116 Minn. 161 | Minn. | 1911

Brown, J.

The facts in this case are substantially as follows: Plaintiff was engaged in the retail millinery business, and defendant was a real-estate, land, and insurance broker, at Minneapolis. For a number of years prior to the transaction involved in this action, defendant had acted as broker in placing considerable amounts of insurance for plaintiff upon his stock and fixtures; in fact, all of plaintiff’s insurance had been so placed by defendant, amounting in the aggregate to seventy or more, policies in different insurance companies. Defendant’s office was supplied with the modern telephone conveniences, by means of which he transacted considerable of his business. Orders for insurance were frequently communicated to him by plaintiff over the telephone, and were uniformly filled, with the exception of the instance involved in this action. It was shown that it usually *163required from two to three weeks in procuring or placing such orders. Defendant’s office force consisted of himself, Mrs. Grosskopf, who acted as clerk, and a Miss Johnson, as an assistant clerk. The former had been in his employ some seven years, while the latter had served only a few months. Plaintiff did all the telephoning for insurance, and knew the voice of defendant, and of Mrs. Grosskopf, and, when defendant was not personally present to answer his call, his orders were received by some one else — a woman’s voice — and were filled in accordance with directions.

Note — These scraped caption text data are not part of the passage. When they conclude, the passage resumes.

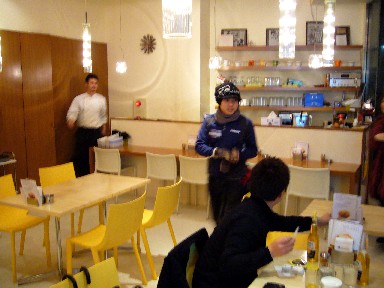 060121¥¤¥¨¥í¡¼¥«¥ó¥Ñ¥Ë¡¼Å¹Æâ.jpg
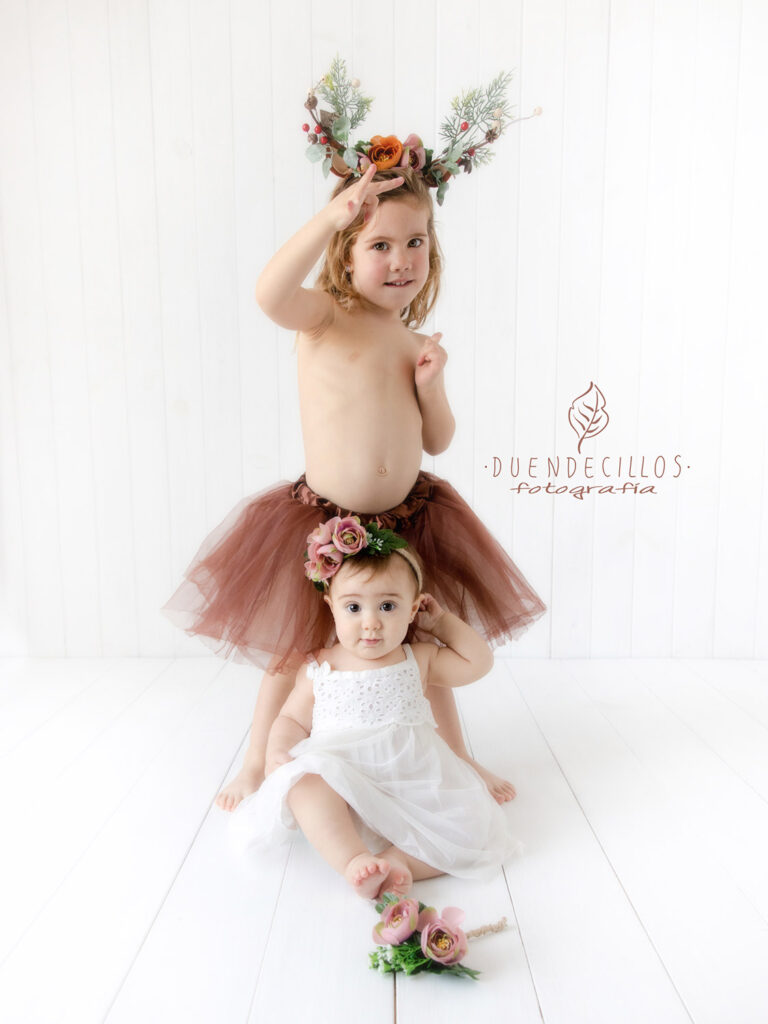 fotos niños niña y bebé con flores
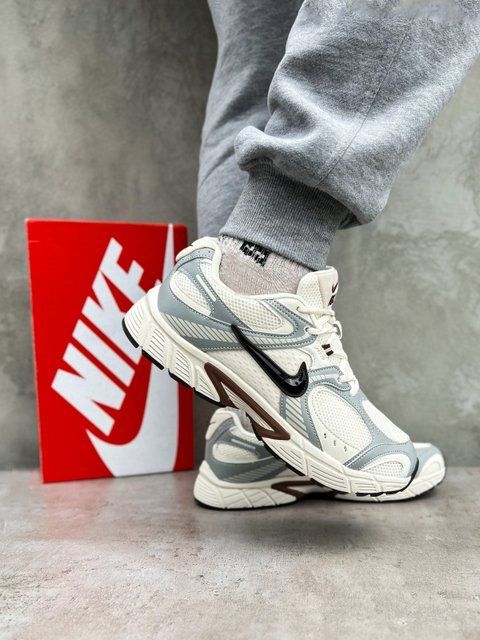 Nike RNR V5 White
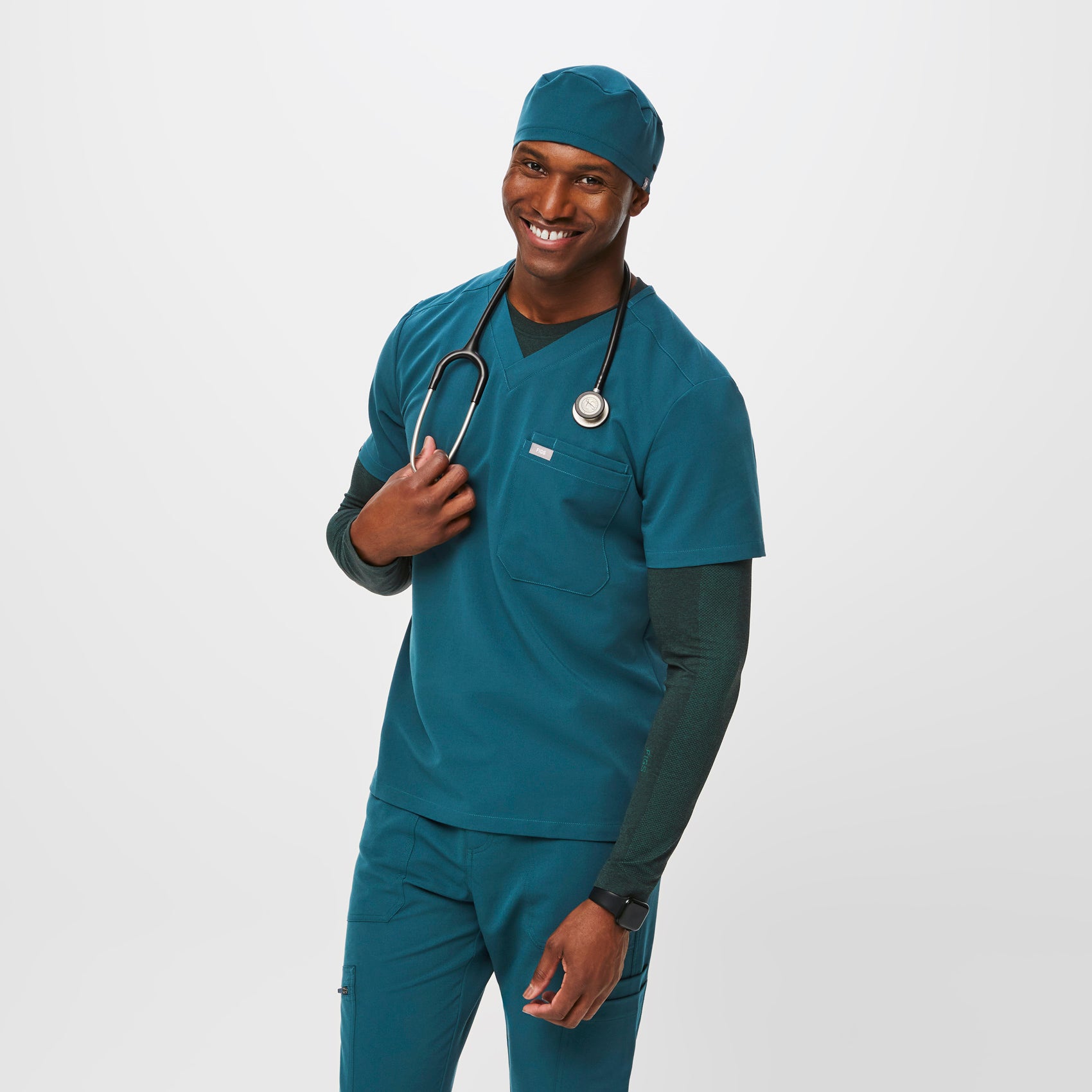 https://cdn.shopify.com/s/files/1/0139/8942/files/Q2_2023_06_CARIBBEAN-BLUE_SCRUB-CAP-BUTTONHOLES_U_TERRANCE_35951.jpg?v=1689699580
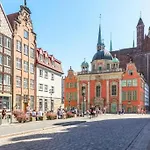 Bright And Spacious Gdańsk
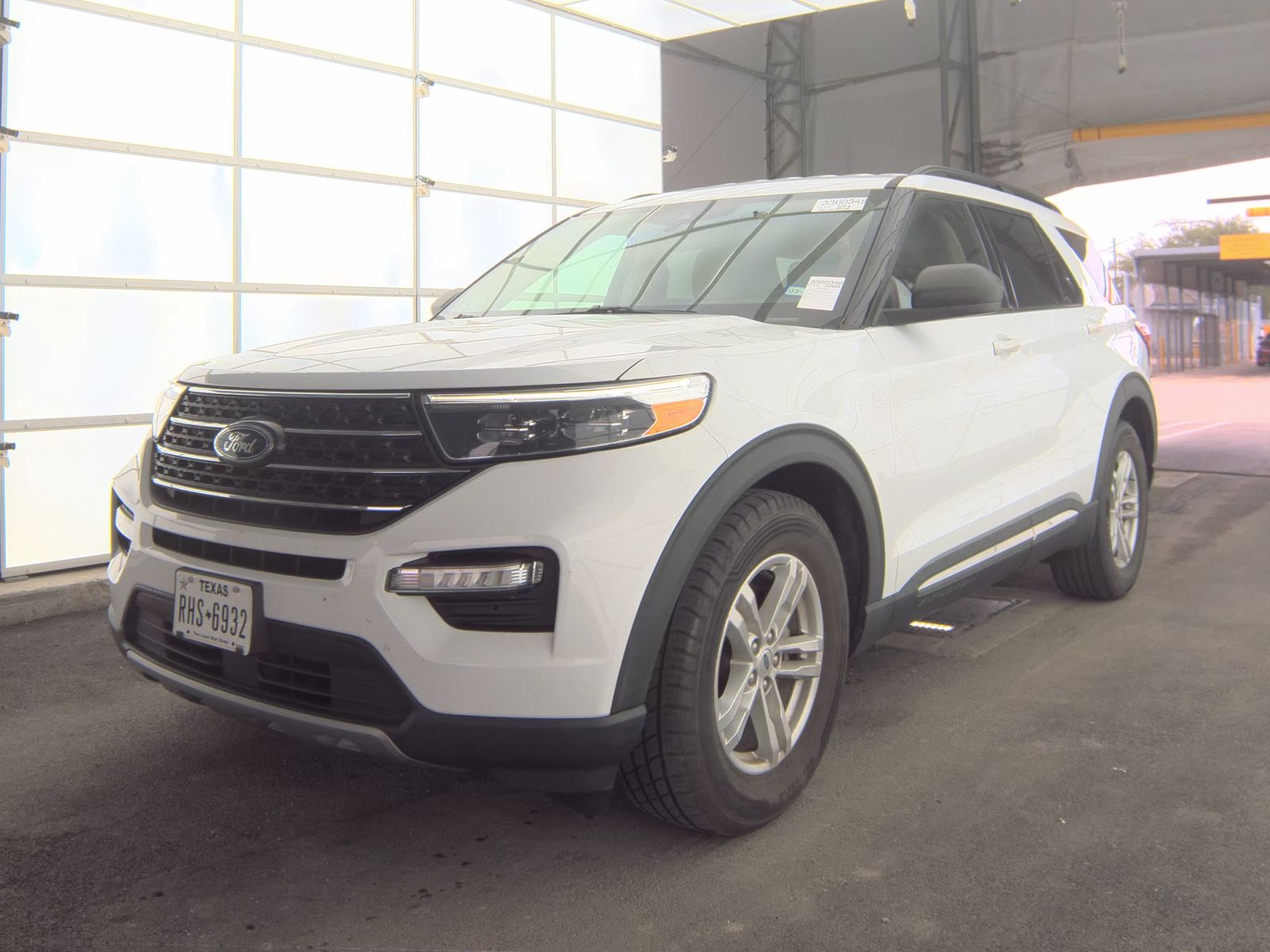 FORD EXPLORER - 1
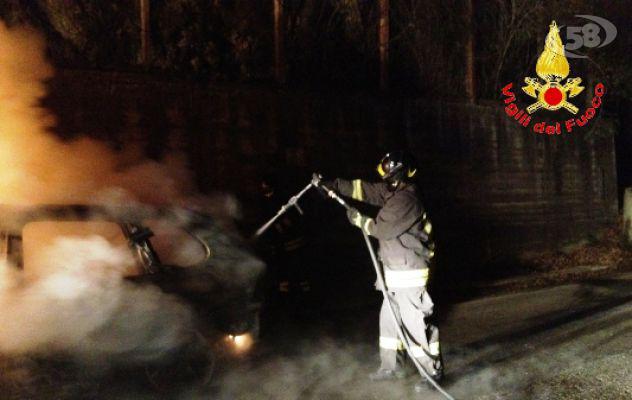 Mirabella, auto a fuoco in via Sant'Angelo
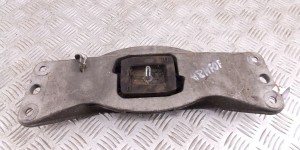 Кронштейн КПП BMW 5-series (E60/61) 22 31 6 769 634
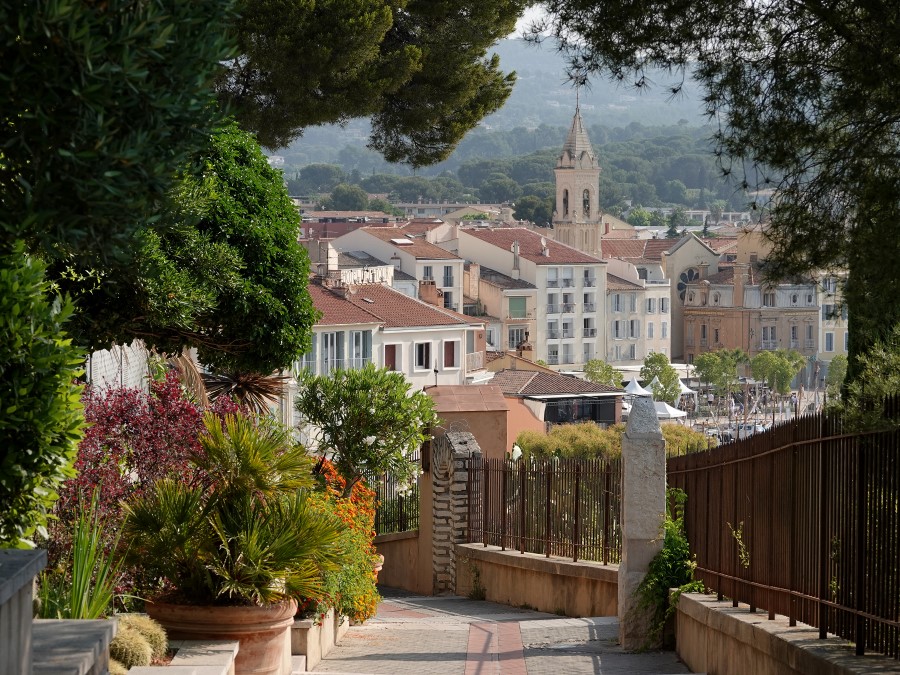 sanary chemin de croix et des oratoires vers chapelle notre dame de pitie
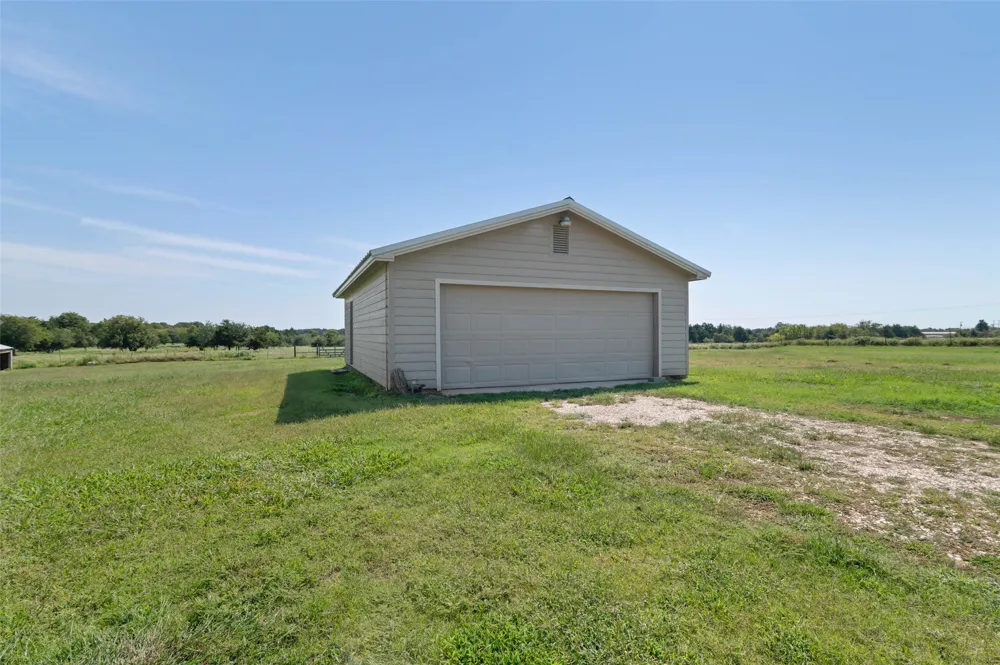 3200 County Road 155 Whitesboro, TX 76273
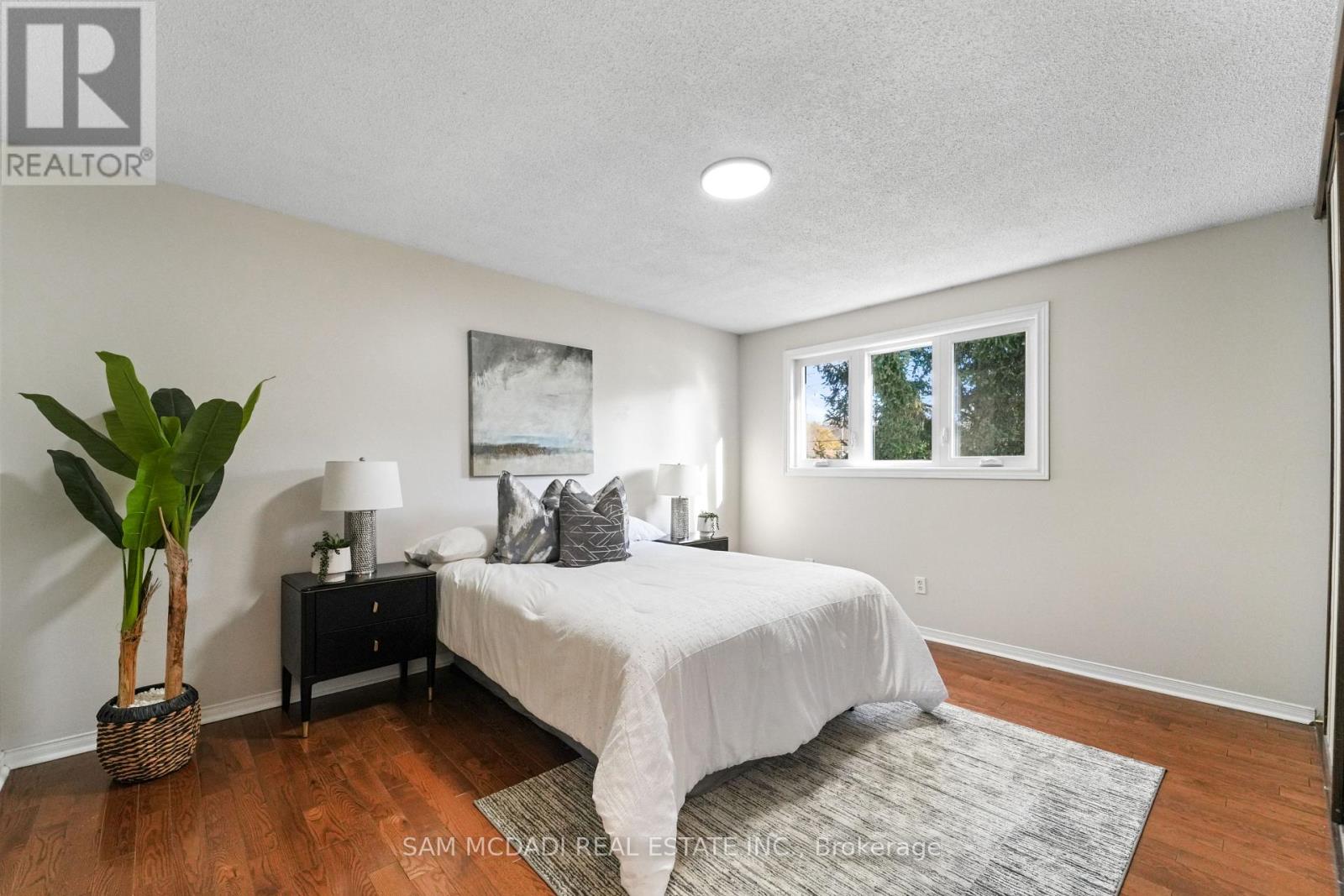 132 - 1050 Shawnmarr Road, Mississauga, Ontario  L5H 3V1 - Photo 12 - W12578374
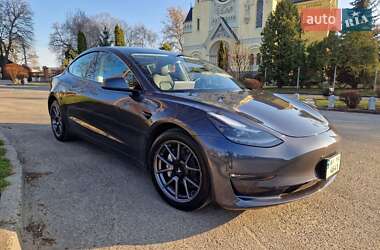 Седан Tesla Model 3 2023 в 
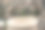 现代卫生手盆，雨天可从大窗户眺望窗外的城市景观。图片下载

Some time in July, 1910, plaintiff called up defendant’s office and ordered a policy of insurance for $600 upon his fixtures, and the telephone was answered by a woman’s voice and the order accepted. The policy was subsequently delivered, and upon examination found by plaintiff to be upon stock instead of fixtures. Whereupon, and on August 15, 1910, plaintiff called defendant’s office by telephone and was answered by a woman’s voice, which plaintiff supposed, but did not know, to be the voice of Mrs. Grosskopf. Plaintiff inquired for defendant, and, upon being informed that he was not present, asked if the person answering the call could take his order for insurance. Upon being informed that she could, he stated that the $600 policy recently procured by defendant had been erroneously placed upon stock, when it should have been on fixtures, and directed that it be corrected, and at the same time ordered additional insurance in the sum of $1,500 upon fixtures. To make certain that his order was understood, he had the person taking it repeat it to him, and he again restated it to her. Plaintiff soon after left for New York upon business, and a few days after his return a fire occurred, which destroyed his stock and fixtures. Upon looking up his insurance, he found that the $600 policy had not been changed, and that defendant had neglected to procure the additional insurance of $1,500. The $600 policy remained upon the stock, and was paid in full. He lost, however, the protection intended to be secured by the $1,500 policy then ordered. On the theory that his order for the policy and its acceptance in the manner stated constituted a contract between plaintiff and defendant, this action was brought for its breach. Plaintiff had *164a verdict in the court below, and defendant appealed from an order denying his alternative motion for judgment or a new trial.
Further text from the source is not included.